Beale does recognise that conflicts may occur - “identify wider goals being pursued by other stakeholders, including where they conflict with individual goals” - and that an attempt should be made to resolve them, but - personally - I think an emphasis on using ’slanty’ techniques to assist the user (and assist the ‘other party’, whether directly or simply through improving customer satisfaction/recommendation) would be a better direction for ’slanty design’ to orient itself.

Slanty carousel - image by Russell Beale
“Slanty-designed baggage carousel. Sloping floor keeps the area clear”. From ‘Slanty Design’ article by Russell Beale.

Indeed, it is this aim of helping individual users while also helping the supersystem (and actually using a slant, in fact) which informs a great suggestion on which Beale elaborates, airport baggage carousels with a slanted floor (above):

The scrum of trolleys around a typical [carousel] makes it practically impossible to grab a bag when it finally emerges. A number of approaches have been tried. Big signs… a boundary line… a wide strip of brightly coloured floor tiles…

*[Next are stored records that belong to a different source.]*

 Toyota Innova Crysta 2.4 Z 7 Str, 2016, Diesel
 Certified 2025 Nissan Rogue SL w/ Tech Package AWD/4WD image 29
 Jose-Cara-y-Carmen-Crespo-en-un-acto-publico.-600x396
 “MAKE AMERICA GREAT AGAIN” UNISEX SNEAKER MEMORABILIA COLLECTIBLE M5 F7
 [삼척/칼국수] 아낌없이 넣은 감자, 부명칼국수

My slanty design would put a ramp of about 30 degrees extending two meters or so up toward the belt… It would be uncomfortable to stand on, and trolleys would not stay there easily, tending to roll off backward or at least be awkward to handle. I might also add a small dip that would catch the front wheels, making it even more difficult to get the trolley or any other wheeled baggage on it in the first place, but not enough to trip up a person.

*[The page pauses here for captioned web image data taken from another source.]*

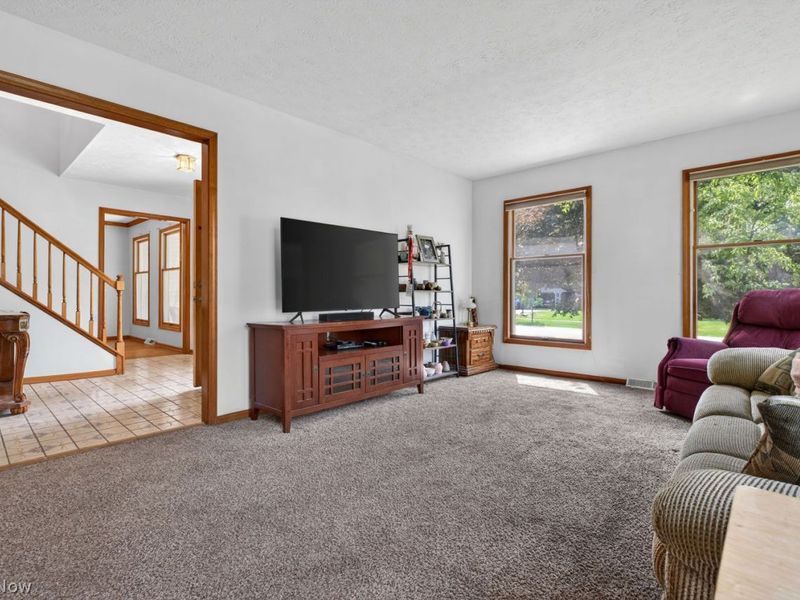 657 Cherry Valley Drive, Amherst, OH 44001 Photo 14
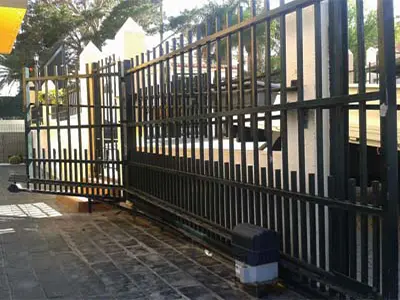 Puerta de garaje corredera partida para configuraciones especiales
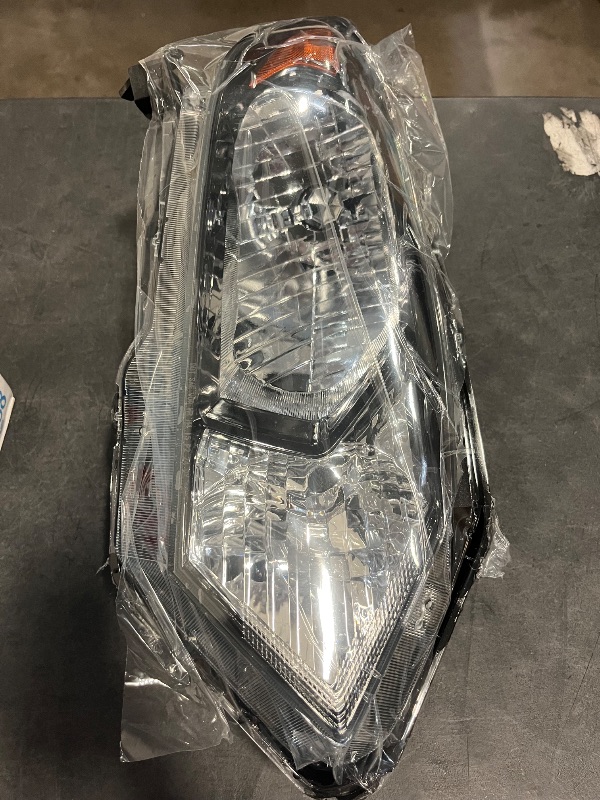 Photo 1 of 2016-2018 Honda-hrv, Halogen Headlamp Replacement Compatible with 16 2017 18 HR-V Chrome Housing Amber Reflector , Passenger Side Only 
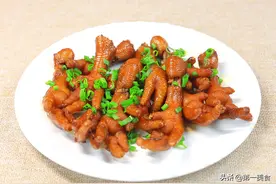 家庭版酱香鸡爪做法，不加一滴油，直接下锅焖，酱香十足又入味图片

If I was being really slanty, I’d also incorporate 2 cm-high bristles in the surface, making it a real pain for the trolleys on it and not too comfy for the passengers to stay there either. Much easier for people to remain (with their trolleys) on the flat floor than negotiate my awkward hill. We’d retain the space we need, yet we could manage the short dash forward, up the hill, to grab our bags, then return to our trolleys, clearing the way for the next baggage-hungry passenger.

There are some very interesting ideas embodied in this example - I’m not sure that using bristles on such a slope would be especially easy for wheelchair users, but the overall idea of helping both the individual user, and the collective (and probably the airport authority too: reducing passenger frustration and necessity for supervision of the carousel), is very much something which this kind of design, carefully thought out, can bring about.

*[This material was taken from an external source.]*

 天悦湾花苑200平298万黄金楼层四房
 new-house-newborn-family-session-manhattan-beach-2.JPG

The future of academic exposure?

Too many papers
A lot of research is published each year.

Now that I’m a student again, I’ve got access (via Athens) to a vastly increased amount of academic journals, papers and so on. Far more than I could have done ‘legitimately’ without that Athens login, aside from travelling from library to library to library. And while it’s good for me to have that login, right at this moment, the necessity for such a login is hardly good for society as a whole. As an independent researcher, I simply could not keep on top of my subject properly.

I think it’s fairly clear that open access is the way to go, and certainly where research has enjoyed any degree of public funding there should be no case otherwise. But even where research is freely or easily available, its impact, as a result of limited exposure, is often also very limited or nonexistent, even within academia.

This is surely an omnipresent worry/headache/frustration for many researchers, and the issue was brought home to me the other day. I was reading a (fairly academic) book, published in the UK in 2005, written by a design professor at a university about 50 miles from here, and found a comment, within a discussion of a particular issue, along the lines of “no research has been done on the issue of to what extent A relates to B in the field of C, but it is safe to assume D” and yet, in front of me on the desk, was a PhD thesis completed in 2003, at my university, addressing not only the exact issue specified, but also showing D to be incorrect. Now, a paper was written based on this thesis, and published in an engineering journal, and also presented at a conference, but it clearly escaped the notice of the author of the book.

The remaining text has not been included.